Así, durante su última visita a Villavicencio, en ocasión de su cumpleaños, se vio poco con su familia. Tenía que publicar ese libro, en un afán casi premonitorio. Se encerró a trabajar tres días con Jaime Fernández en el apartamento de éste, otro de sus grandes amigos. El libro quedaría casi listo, a falta de unas últimas indicaciones.
“La última llamada que él hizo a Villavicencio fue a mi oficina. Yo estaba hablando por la otra línea con Triunfo y pedí que le dijeran (a Julio Daniel) que me llamara en media hora. Luego, cuando traté de llamarlo, él ya se había ido a Segovia. La última llamada no se la contesté. Fue terrible saber que él estuvo en la otra línea, que se iba a despedir y que me iba a dar unas indicaciones”, cuenta Jaime Fernández, mirando a los ojos de Cheo, como confesándole un recuerdo que había guardado años, quizás por vergüenza o dolor.
Los amigos de Julio Daniel Chaparro se enteraron de su asesinato el mismo día, el 24 de abril de 1991. Esa noche se reunieron en Villavicencio a recordarlo. El llanto, la incredulidad. ¿Quién iba a escribir ahora esos poemas que quedaron errantes? “Colombia perdió un gran poeta joven porque él estaba empezando su obra. Es una obra que quedó trunca, que quedó en marcha, pero que en los pocos libros que dejó se ve ya con una estatura”, asegura Arturo Guerrero, periodista cultural.

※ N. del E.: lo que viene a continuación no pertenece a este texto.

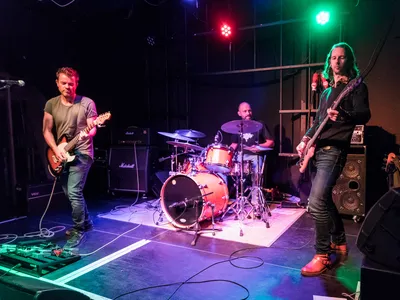 Dead Bodies In Space And Time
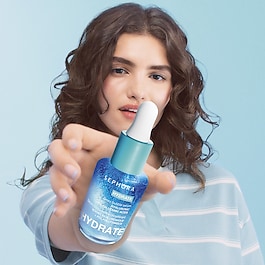 HYDRATE - Serum bąbelkowe nawadniające z kwasami hialuronowym i poliglutaminowym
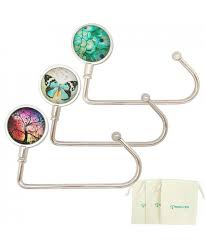 Purse Hook For Table Bar Set Of 3 Long Bag Hanger Under Counter Handbags Hooks Multi01 Ca18d65a2ni Purse Hook Bag Hanger Buy Purse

Al día siguiente, Fernández iba camino a abrir su heladería. Como buscando un fantasma, miró hacia la sede de El Espectador en Villavicencio y ubicó sus ojos en una señora que lo llamaba. Chaparro le había enviado con ella un paquete con las últimas correcciones de su libro Árbol ávido y un saludo que no se pudieron dar por teléfono.